Exercise prompt: All of the entries need to be printed again exactly; pictures are the only thing to omit.

START Information provided

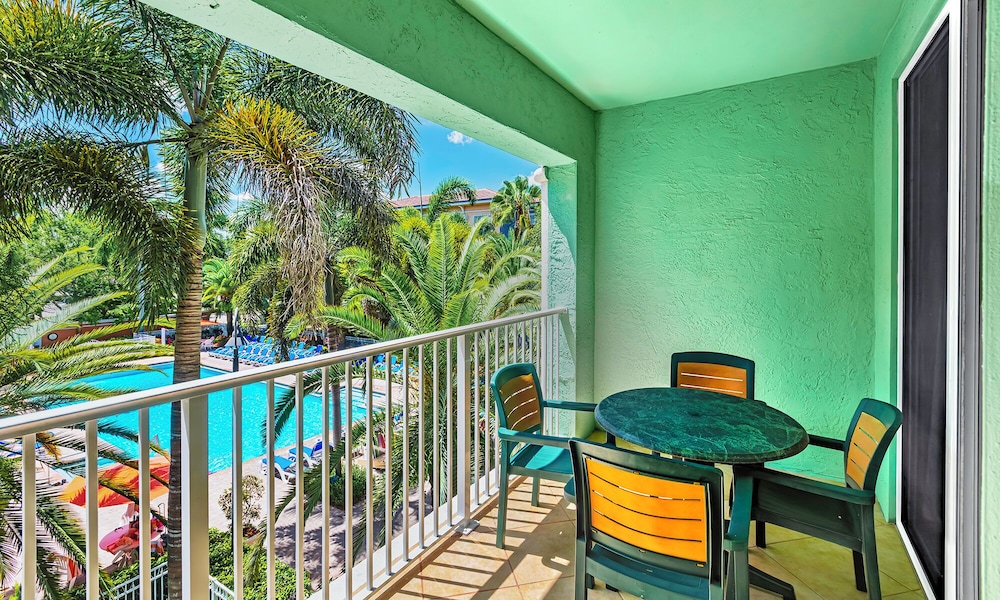 Deluxe One Bedroom Suite with Pool View photo 1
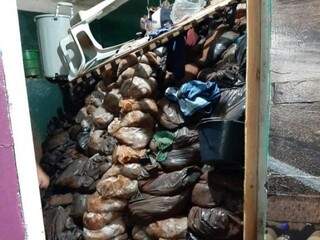 Sacos de areai empilhados em celas da Penitenciária de Pedro Juan Caballero na fronteira (Foto: Divulgação)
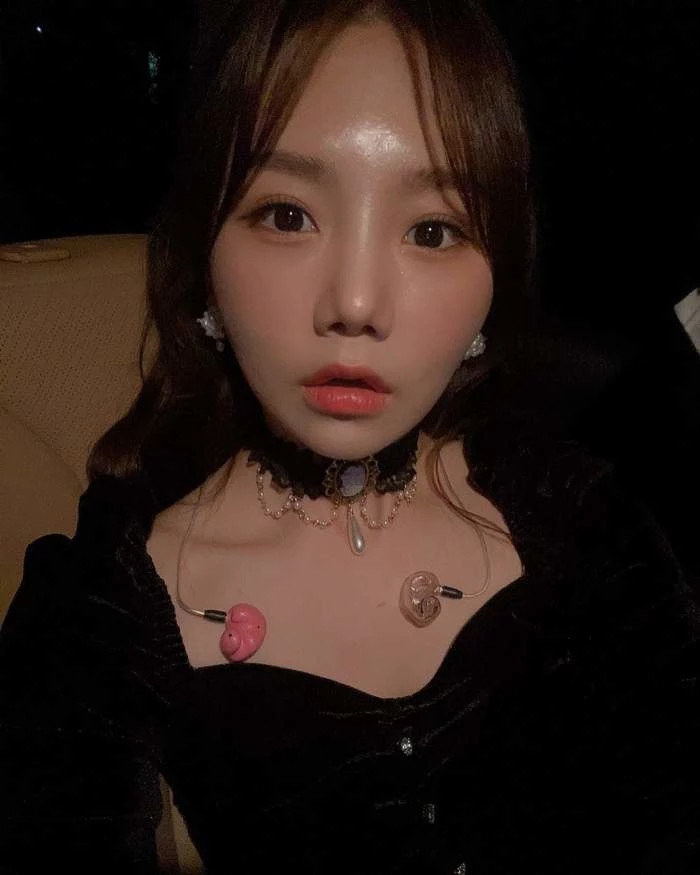 가수 송하예, 어깨 쪽 종양 제거 해...아무도 몰랐던 '건강 이상' 근황 이제서야 전해져 가수 송하예, 어깨 쪽 종양 제거 해...아무도 몰랐던 '건강 이상' 근황 이제서야 전해져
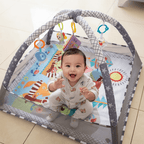 tapis d eveil
Vue dessus bébé gris étoiles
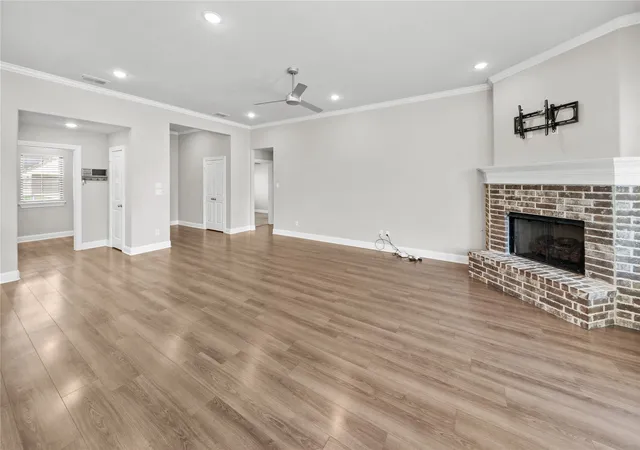 Photo 4 of Single family home for sale at 11479 Lindsey Garden Dr, Tyler, TX 75709 | MLS# 21384302 | Listing updated on 2026-10-07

END Information provided

Your response:
 Deluxe One Bedroom Suite with Pool View photo 1
 Sacos de areai empilhados em celas da Penitenciária de Pedro Juan Caballero na fronteira (Foto: Divulgação)
 가수 송하예, 어깨 쪽 종양 제거 해...아무도 몰랐던 '건강 이상' 근황 이제서야 전해져 가수 송하예, 어깨 쪽 종양 제거 해...아무도 몰랐던 '건강 이상' 근황 이제서야 전해져
 tapis d eveil
Vue dessus bébé gris étoiles
 Photo 4 of Single family home for sale at 11479 Lindsey Garden Dr, Tyler, TX 75709 | MLS# 21384302 | Listing updated on 2026-10-07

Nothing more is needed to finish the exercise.